WWN speaks exclusively to a number of working-from-home Irish parents who share their stories:
“Anna, I’m telling you now, hand on heart, I thought we only had two of these annoying fuckers. How long have we had this new one. What? He’s 7! Jesus, and we called him ‘Logan’, what are we, American?” – Declan Tierney, IT manager and father-of-three-maybe-more, working from home alongside his wife Anna, an event coordinator.
Every parent we spoke too shared their joy at being able to spend more time with their famously patient children who take direction and instruction without any further questions.
“I’ve never been more productive, handcuffing the little guy to the high chair and letting him watch Zootopia on repeat is the best decision I’ve ever made” – Valerie Andrews, Logistics Manager and mother-of-one. “The husband’s a different story, he chewed through his restraints within two hours”.
Keyboards may be covered in Play-Doh, spreadsheets are crayon canvases, video conference calls all play out like a repeat of the famous BBC interrupted interview and office gossip is at an all time low but for many the chance to be with their children is a welcome one.
“The youngest is after dobbing me in to HR for ‘inappropriate comments in the workplace’. That little shit of a rat is going places” – Niamh Loughlin, sales support and mother-of-two.
“No, it’s going fine. Honestly, just like working in the office to be – Daisy! Get off your sister or I’ll brain you. So yeah it’s – Jack! Finger’s out of your nose. What are you expecting to find up there. Christ sake. Yeah, it’s stress free enough – what do you mean Ella’s in the oven Jack? Hang on, I’ll have to go. Daisy! Jack! Ella! Whatever your name is, put down the knife” – Alan Mangan, Account Strategist, father-of-three.
However, not all parents see their current circumstances in such a positive light.

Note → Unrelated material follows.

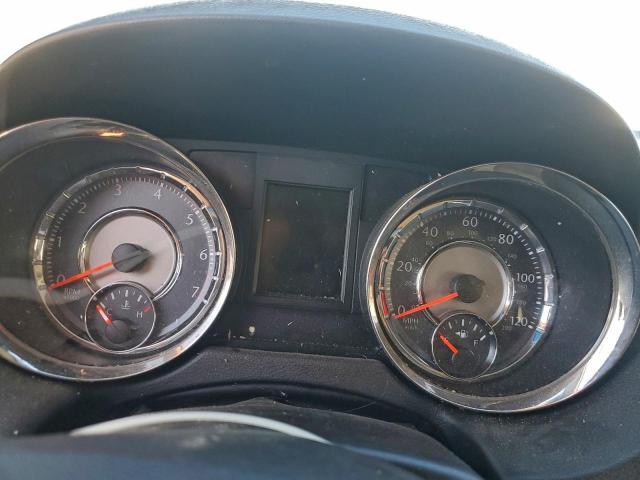 Chrysler Minivan Touring Image 6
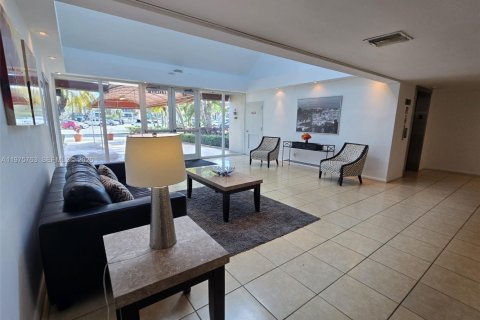 Купить кондоминиум в Уэстон, Флорида 2 спальни, 102.75м2, № 2040059 - фото 25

“Our youngest is 20 and he was due to move out this week. We’d finally be free of the fecking ‘kids’. I’m heartbroken. ‘I don’t think it’s the best time to move out’, says him.”
“Then he adds ‘I’m not sure I should start my new job at the Chinese-Iranian Business Chamber in Italy’ he says, completely overreacting. We were so fucking close to being rid of him,” distraught working parents Noleen and Andrew Lurtins.